Is the above-mentioned assumption valid? [asked before the edit]
Not really.
Transpositions of large arrays tends not to saturate the bandwidth of the RAM on some platforms. This can be due to cache effects like cache trashing. For more information about this, you can read this post for example. In your specific case, things works quite well though (see below).
On NUMA platforms, the data page distribution on NUMA nodes has can have a strong impact on the performance. This can be due to the (temporary) unbalanced page distribution, a non-uniform latency, a non-uniform throughput or even the (temporary) saturation of the RAM of some NUMA node. NUMA can be seen on recent AMD processors but also on some Intel ones (eg. since Skylake, see this post) regarding the system configuration.
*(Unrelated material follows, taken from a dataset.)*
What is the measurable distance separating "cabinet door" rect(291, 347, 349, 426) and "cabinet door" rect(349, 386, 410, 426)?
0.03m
Even assuming the above points do not apply in your case, considering the perfect case while the naive code may not behave like a perfect transposition can result in wrong interpretations. If this assumption is broken, results could overestimate the performance of the naive implementation for example.
Why is my naive transpose function performing so well?
A good throughput does not means the computation is fast. The computation can be slower with a higher throughput if more data needs to be transferred from the RAM. This is possible due to cache misses. More specifically, with a naive access pattern, cache lines can be replaced more frequently with a lower reuse (due to cache trashing) and thus the wall clock time should be higher. You need to measure the wall clock time. Metrics are good to understand what is going on but not to measure the performance of a kernel.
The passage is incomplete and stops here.